# Aim of the exercise
Print the lines below from the line with "Preview: Closeup Portrait" to the line with "ポロシャツ サックスxダークネイビー 3L" exactly, keeping both ends, and print no pictures.

# Data for review
○ ○ ○ ○ ○ ○ ○

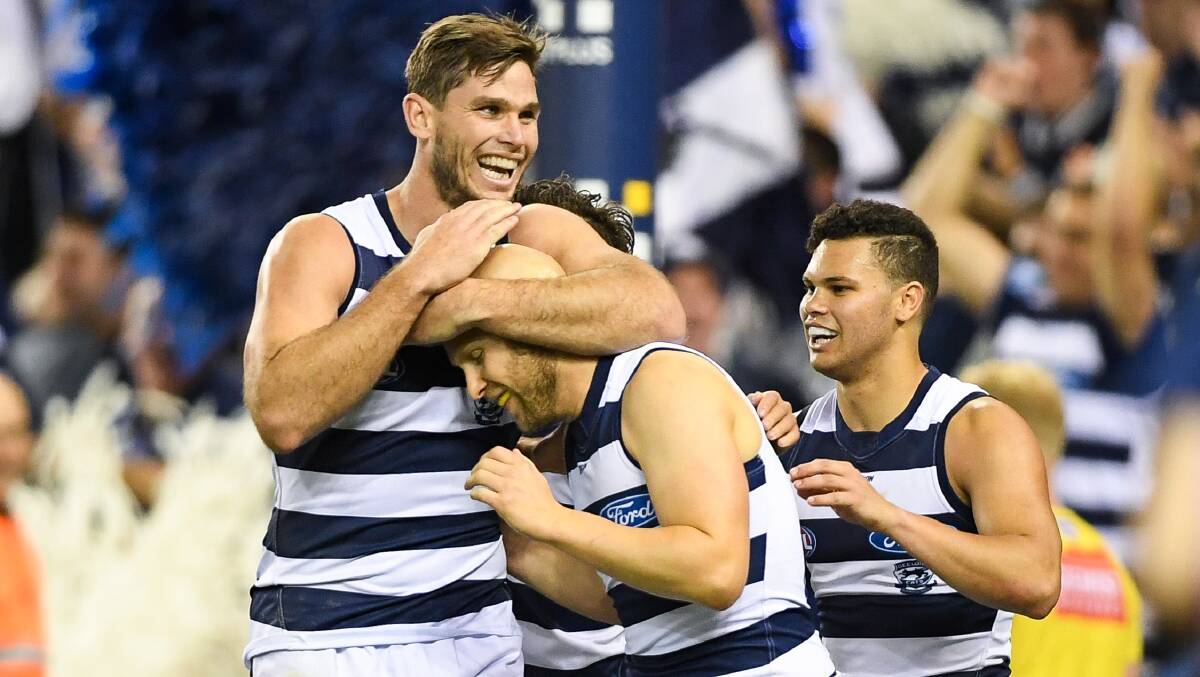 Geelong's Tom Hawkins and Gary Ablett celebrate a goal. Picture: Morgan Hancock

○ ○ ○ ○ ○ ○ ○

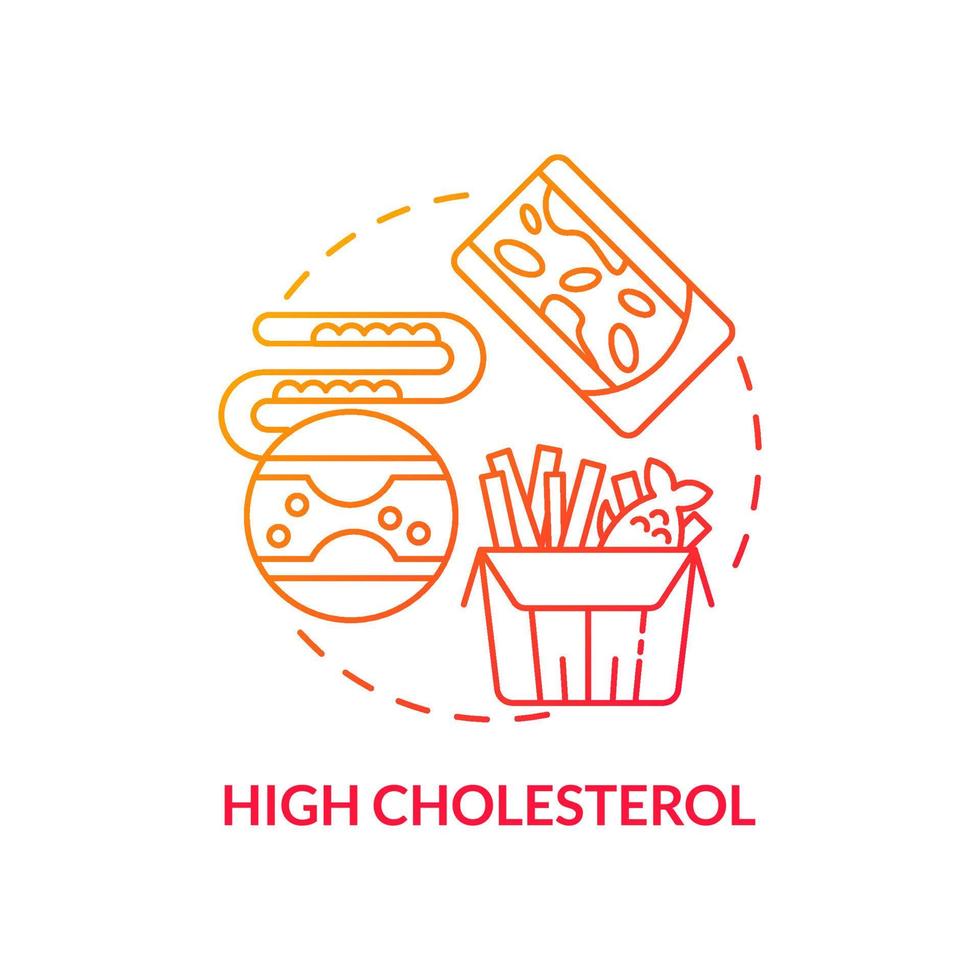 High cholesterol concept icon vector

○ ○ ○ ○ ○ ○ ○

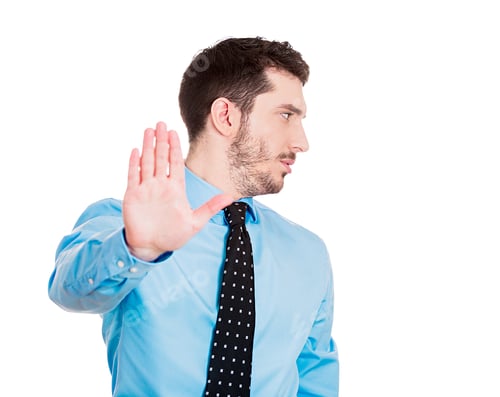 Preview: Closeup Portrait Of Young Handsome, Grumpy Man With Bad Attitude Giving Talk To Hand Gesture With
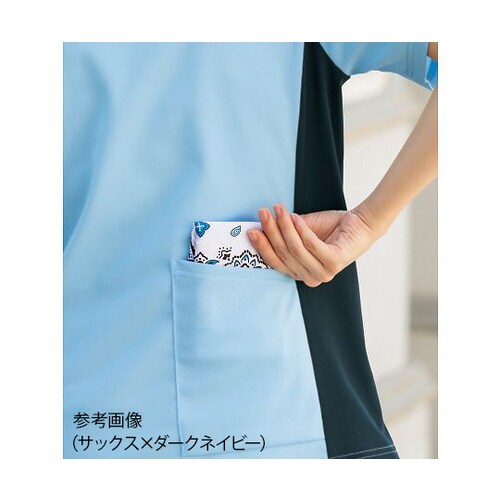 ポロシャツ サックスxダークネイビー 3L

○ ○ ○ ○ ○ ○ ○

# Result
 Preview: Closeup Portrait Of Young Handsome, Grumpy Man With Bad Attitude Giving Talk To Hand Gesture With
 ポロシャツ サックスxダークネイビー 3L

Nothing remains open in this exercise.